Provided information:

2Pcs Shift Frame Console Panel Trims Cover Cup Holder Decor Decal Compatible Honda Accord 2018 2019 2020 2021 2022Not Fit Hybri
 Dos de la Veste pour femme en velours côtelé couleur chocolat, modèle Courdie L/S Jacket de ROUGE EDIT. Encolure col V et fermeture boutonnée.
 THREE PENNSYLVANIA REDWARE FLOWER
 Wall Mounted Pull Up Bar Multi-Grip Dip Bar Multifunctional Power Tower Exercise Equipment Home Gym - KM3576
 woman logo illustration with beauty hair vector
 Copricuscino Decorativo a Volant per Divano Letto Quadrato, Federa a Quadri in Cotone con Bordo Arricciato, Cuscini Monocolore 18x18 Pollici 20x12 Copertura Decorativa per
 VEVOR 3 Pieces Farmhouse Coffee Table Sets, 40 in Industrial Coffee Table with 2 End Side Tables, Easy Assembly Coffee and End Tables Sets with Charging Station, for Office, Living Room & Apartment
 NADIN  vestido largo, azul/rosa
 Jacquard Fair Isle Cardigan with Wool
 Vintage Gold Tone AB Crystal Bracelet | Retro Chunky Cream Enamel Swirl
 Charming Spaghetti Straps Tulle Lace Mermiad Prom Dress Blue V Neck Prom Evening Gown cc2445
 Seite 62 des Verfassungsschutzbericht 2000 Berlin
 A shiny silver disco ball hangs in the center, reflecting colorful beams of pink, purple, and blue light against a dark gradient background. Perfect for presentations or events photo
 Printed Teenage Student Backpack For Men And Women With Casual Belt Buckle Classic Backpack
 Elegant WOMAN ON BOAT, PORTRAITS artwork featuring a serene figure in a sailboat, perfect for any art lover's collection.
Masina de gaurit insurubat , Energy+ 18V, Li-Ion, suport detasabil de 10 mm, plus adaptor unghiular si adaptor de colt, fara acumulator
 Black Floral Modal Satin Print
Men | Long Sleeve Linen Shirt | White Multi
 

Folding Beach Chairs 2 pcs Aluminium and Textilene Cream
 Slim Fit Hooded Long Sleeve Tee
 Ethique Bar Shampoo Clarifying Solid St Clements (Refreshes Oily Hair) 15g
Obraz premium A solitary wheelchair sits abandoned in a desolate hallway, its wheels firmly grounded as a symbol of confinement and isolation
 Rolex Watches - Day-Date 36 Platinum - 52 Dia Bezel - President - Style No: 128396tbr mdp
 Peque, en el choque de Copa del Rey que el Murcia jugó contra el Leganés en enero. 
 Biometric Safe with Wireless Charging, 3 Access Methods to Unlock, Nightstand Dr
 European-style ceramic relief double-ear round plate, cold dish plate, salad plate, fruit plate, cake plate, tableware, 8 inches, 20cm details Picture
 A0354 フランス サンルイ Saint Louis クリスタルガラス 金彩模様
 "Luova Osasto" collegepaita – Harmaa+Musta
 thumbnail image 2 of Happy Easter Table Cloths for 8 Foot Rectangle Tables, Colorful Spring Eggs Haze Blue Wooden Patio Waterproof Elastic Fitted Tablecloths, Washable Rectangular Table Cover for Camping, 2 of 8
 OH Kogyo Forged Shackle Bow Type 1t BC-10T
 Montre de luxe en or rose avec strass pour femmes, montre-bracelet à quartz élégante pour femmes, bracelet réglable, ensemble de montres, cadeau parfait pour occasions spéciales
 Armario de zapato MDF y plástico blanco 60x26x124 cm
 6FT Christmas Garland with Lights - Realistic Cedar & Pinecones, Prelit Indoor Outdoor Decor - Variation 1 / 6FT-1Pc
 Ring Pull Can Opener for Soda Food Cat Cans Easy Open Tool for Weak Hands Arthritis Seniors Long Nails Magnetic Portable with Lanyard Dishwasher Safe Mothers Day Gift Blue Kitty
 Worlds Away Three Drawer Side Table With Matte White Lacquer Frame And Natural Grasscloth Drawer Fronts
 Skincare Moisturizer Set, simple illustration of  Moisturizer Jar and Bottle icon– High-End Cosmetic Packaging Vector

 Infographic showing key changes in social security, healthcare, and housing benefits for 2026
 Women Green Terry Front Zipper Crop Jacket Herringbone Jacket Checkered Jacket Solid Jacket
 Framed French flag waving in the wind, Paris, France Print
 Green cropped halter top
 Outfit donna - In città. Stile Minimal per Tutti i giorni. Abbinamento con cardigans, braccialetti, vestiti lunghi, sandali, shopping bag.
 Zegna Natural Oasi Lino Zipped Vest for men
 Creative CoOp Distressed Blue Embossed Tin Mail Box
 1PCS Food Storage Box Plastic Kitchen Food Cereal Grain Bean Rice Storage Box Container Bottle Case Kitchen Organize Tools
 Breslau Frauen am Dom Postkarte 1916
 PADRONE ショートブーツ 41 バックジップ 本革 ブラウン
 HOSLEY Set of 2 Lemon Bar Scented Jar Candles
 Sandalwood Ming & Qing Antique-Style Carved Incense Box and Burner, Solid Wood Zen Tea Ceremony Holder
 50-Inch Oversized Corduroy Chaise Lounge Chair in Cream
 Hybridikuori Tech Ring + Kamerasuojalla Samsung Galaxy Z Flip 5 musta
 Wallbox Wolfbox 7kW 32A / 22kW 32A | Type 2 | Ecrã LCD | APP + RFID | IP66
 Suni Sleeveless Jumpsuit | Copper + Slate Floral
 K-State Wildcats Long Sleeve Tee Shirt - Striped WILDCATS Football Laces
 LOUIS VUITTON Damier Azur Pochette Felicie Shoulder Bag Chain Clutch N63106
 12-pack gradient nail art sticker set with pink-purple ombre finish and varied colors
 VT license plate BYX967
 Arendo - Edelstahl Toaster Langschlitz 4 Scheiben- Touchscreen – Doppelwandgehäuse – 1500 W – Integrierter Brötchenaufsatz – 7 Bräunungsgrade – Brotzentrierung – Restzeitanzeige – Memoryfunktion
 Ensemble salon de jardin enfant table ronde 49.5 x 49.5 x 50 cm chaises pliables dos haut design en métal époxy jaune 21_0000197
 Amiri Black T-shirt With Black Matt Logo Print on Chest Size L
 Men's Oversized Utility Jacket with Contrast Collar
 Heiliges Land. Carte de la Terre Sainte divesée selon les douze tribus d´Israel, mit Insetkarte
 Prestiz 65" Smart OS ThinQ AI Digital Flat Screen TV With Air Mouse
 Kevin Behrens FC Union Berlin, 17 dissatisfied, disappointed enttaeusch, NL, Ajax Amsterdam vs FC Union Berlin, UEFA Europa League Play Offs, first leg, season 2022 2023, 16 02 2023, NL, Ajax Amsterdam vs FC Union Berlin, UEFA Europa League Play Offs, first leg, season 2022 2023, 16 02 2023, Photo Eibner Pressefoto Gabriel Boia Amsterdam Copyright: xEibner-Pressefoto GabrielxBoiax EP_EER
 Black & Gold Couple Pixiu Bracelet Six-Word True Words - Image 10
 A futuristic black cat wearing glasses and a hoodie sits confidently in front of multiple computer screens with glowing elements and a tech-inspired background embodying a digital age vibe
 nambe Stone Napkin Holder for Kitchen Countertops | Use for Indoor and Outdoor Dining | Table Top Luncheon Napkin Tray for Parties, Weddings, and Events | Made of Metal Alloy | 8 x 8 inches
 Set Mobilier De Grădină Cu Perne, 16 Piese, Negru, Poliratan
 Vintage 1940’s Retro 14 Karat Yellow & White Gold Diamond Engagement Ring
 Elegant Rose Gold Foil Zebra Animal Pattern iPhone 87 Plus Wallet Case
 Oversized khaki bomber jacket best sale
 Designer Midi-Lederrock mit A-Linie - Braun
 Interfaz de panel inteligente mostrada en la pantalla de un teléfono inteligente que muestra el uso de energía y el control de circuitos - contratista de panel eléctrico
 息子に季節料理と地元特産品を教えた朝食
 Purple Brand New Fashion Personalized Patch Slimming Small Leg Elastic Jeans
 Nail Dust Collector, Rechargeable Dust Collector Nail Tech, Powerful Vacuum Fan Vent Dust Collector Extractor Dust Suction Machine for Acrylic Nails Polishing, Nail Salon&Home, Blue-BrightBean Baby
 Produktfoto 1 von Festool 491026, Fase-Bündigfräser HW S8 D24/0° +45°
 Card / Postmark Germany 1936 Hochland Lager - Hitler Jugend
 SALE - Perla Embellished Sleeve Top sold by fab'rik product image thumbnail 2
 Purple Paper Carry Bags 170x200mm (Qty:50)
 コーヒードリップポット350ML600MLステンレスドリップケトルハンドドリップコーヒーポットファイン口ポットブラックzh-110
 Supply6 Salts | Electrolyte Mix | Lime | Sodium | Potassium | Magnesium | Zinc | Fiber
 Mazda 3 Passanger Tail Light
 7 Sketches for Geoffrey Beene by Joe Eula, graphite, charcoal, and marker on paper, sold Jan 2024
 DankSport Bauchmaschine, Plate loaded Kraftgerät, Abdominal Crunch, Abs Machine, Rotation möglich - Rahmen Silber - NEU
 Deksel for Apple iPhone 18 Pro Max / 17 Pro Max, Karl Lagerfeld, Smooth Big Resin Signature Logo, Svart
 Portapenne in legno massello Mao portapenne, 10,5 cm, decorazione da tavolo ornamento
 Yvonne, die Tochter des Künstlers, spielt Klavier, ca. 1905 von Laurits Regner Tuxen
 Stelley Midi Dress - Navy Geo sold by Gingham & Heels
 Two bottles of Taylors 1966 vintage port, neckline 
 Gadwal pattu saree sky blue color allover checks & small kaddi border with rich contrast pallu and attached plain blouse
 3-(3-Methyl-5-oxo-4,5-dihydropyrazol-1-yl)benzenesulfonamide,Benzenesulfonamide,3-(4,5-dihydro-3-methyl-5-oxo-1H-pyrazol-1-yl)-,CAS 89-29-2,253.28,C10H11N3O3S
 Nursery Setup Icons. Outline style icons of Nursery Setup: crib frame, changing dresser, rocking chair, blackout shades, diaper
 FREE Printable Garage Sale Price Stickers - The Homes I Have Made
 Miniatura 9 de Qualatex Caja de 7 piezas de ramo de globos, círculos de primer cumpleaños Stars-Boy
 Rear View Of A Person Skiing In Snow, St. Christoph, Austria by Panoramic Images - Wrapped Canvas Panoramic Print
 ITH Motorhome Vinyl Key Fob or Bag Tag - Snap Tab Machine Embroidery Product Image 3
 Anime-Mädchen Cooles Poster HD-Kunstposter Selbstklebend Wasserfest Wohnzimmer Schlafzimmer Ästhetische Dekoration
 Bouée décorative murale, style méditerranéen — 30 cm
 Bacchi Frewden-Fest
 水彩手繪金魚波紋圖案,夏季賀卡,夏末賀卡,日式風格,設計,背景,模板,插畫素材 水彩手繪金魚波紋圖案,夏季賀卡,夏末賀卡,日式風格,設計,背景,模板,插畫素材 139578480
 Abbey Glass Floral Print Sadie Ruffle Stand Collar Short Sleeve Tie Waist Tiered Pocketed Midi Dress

What the exercise asks: Please, from the entries above, set down exactly the lines from the one containing "ITH Motorhome Vinyl" through the one containing "Bacchi Frewden-Fest", and only those.

Exercise result:
 ITH Motorhome Vinyl Key Fob or Bag Tag - Snap Tab Machine Embroidery Product Image 3
 Anime-Mädchen Cooles Poster HD-Kunstposter Selbstklebend Wasserfest Wohnzimmer Schlafzimmer Ästhetische Dekoration
 Bouée décorative murale, style méditerranéen — 30 cm
 Bacchi Frewden-Fest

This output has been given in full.